(Stored records)

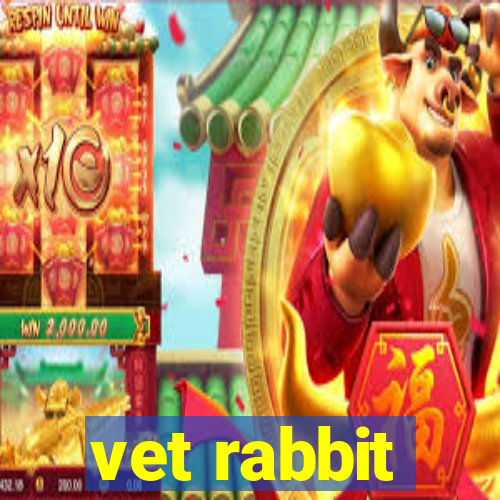 vet rabbit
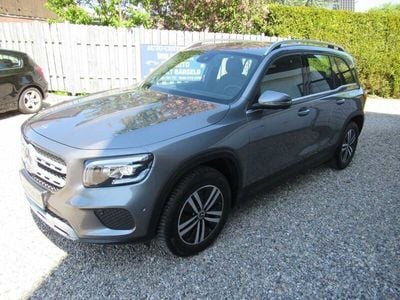 Gebraucht Mercedes GLB180 Style 116 PS (85 kW) 2020 Grau SUV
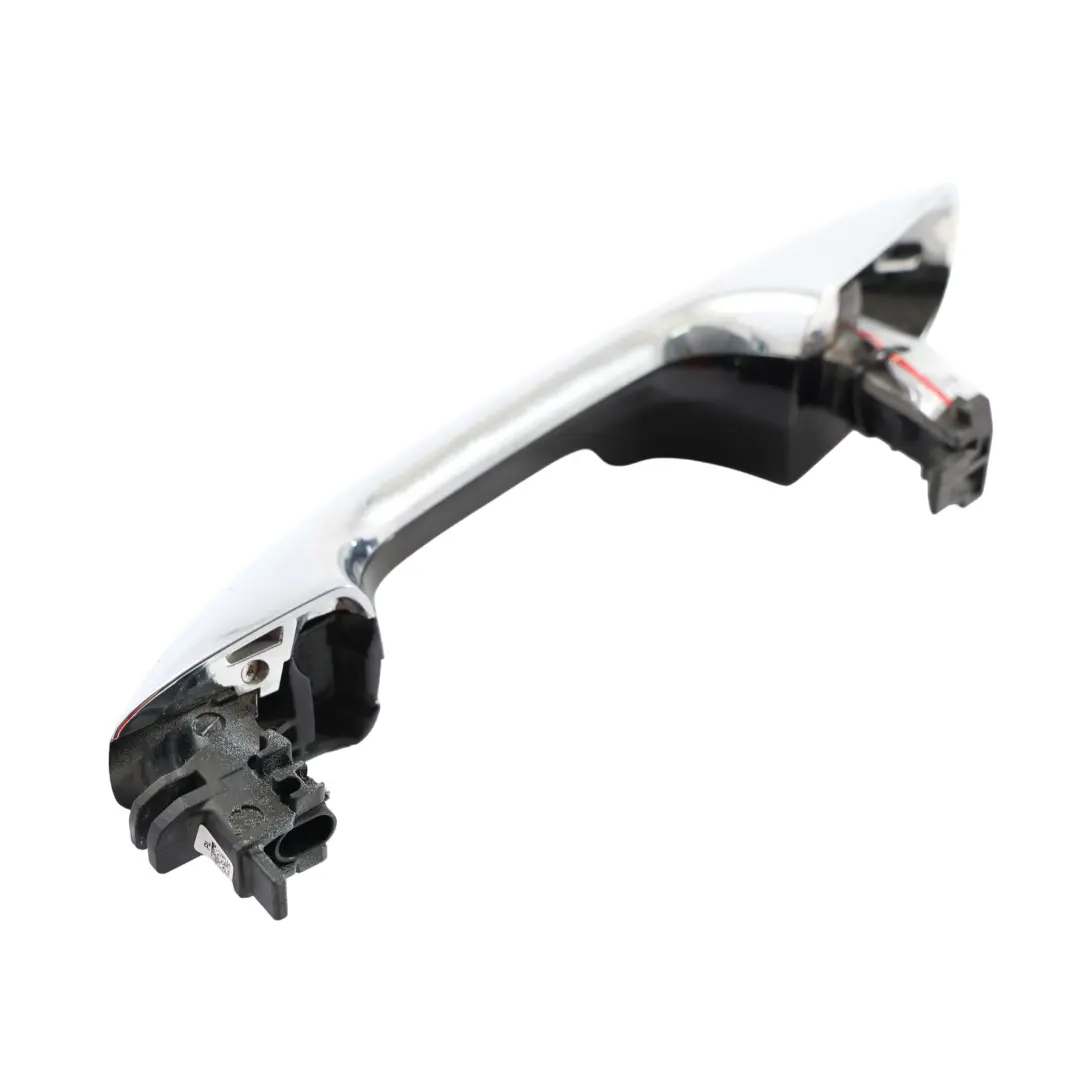 Exterior Door Handle Rear Right O/S Obsidian Black Metallic - 197 to Mercedes X253 with Part number A0997605601 Mercedes X253 Exterior Door Handle Rear Right O/S Obsidian Black Metallic - 197 - SKU A0997605601-OB - Part number A0997605601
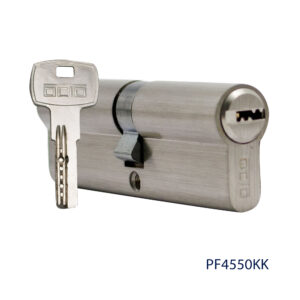 Серцевина OCTO PROFI 45*50 5 IRON KEYS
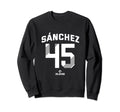 Sixto Sanchez 45 Miami Florida Mlb Sweatshirt - Custom Art Print Unisex - T-Shirt, Sweatshirt, Hoodie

__Directions__. From the first line to the last, repeat the data above exactly and leave the pictures out.

__Written response__.
 vet rabbit
 Gebraucht Mercedes GLB180 Style 116 PS (85 kW) 2020 Grau SUV
 Exterior Door Handle Rear Right O/S Obsidian Black Metallic - 197 to Mercedes X253 with Part number A0997605601 Mercedes X253 Exterior Door Handle Rear Right O/S Obsidian Black Metallic - 197 - SKU A0997605601-OB - Part number A0997605601
 Серцевина OCTO PROFI 45*50 5 IRON KEYS
 Sixto Sanchez 45 Miami Florida Mlb Sweatshirt - Custom Art Print Unisex - T-Shirt, Sweatshirt, Hoodie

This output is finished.